You would naturally think, go large? -there are downsides to large context windows too. As AI evolves, context windows are getting bigger – more recently, some models now support tens of thousands of tokens. There are pressures for larger windows. Compute requirements scale quadratically so for every extra token it takes 4 times more processing. The output inference also is challenging as the output grows, the computing of the inference also increases dramatically. So large contexts bring large challenges to servicing the compute. Luckily there have been some recent big leaps forward in inference speed and general efficiencies that enable larger contexts to be developed and deployed.
Lost in the Middle
As context sizes have grown, the lost in the middle problem is a phenomenon that has plagued large contexts. When the context is large it has been found that the content in the middle of the context will get ignored by the AI engine, in preference to that at the start and the end. The precision of results will be drastically reduced if the information required to satisfy the prompt is nestled in the middle of the context window rather than the start or finish. Thankfully some mitigations against this effect have been found such as prompt compression, so this no longer is such a big hindrance.

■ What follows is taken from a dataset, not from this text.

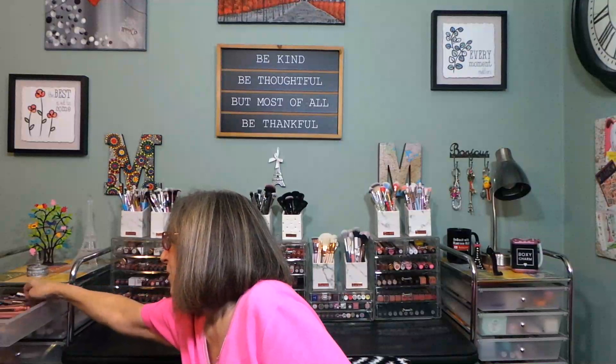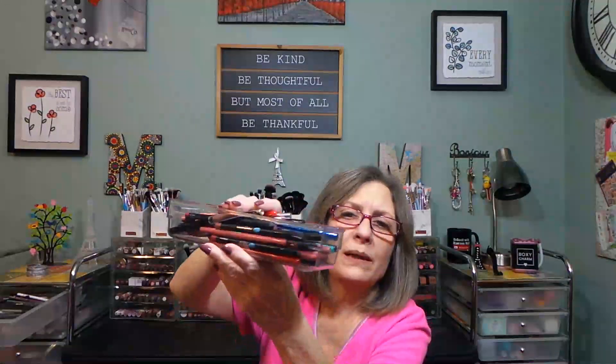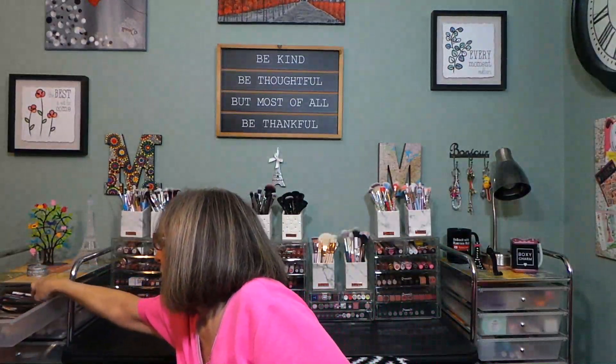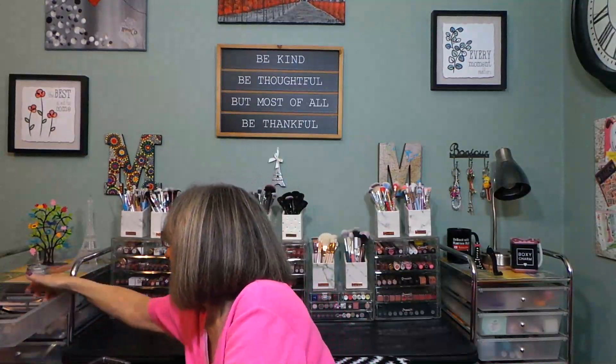But before we get into that, I wanted to show you what I did with my bins from Dollar General. I have one right here with my spare scissors, tweezers, and magnetic liner — it fits so nicely in my drawer, sideways. Then this one has all my lip liners — you can see they all fit in here nicely. Even if I get too many more, I'll need another one. And here are my eyeliners — my new ColourPop ones I just put in the other day.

This model has a 4096 token context size what does that mean?
So put simply your whole world must fit in this size. That is you must do everything within this limit of 4096 tokens. You must ask the quesion, pass any previous history of past questions and answers, RAG and other context content and still have space left over for the next response completion, -all within this 4096 token limit.
Use "new chat" often to reduce context, increase efficiency and save on token useage
The user interfaces for ChatGPT, Claude, and similar models include a "New Chat" button. Starting a new chat essentially creates a fresh session with an empty context. Using the "New Chat" function is important for efficient use of your token allowance and to keep text completions running smoothly.
When chatting with these models, it’s easy to quickly exhaust the limited token allowance provided under your payment plan. Being aware of the context can help extend the length of your usable session.
Make it a habit to use the "New Chat" function whenever your next prompts don’t need the past context. By starting a new chat, the previous context isn’t passed back into the AI model with each prompt, reducing the number of tokens processed. This simple step can significantly lower token usage and lead to efficient model use.
If the AI starts to struggle or give incomplete responses, it can be helpful to ask it to summarise the conversation so far. Then, hit the "New Chat" button and use the summary to seed the new session. This approach can make your interactions more efficient while keeping your token usage under control.
Summary
So the main take away is that when prompting, there is a limited working memory. This can be consumed by images and RAG. Some models give huge contexts others are very small. Be aware that during long interactions AI prompting, context may drop out of the window and you may need to reprompt the AI with your original prompt data to keep it in context.
Future posts will build on this knowledge where we look at interacting with models via semantic Kernel SDK and there we need to handle chat history explicitly.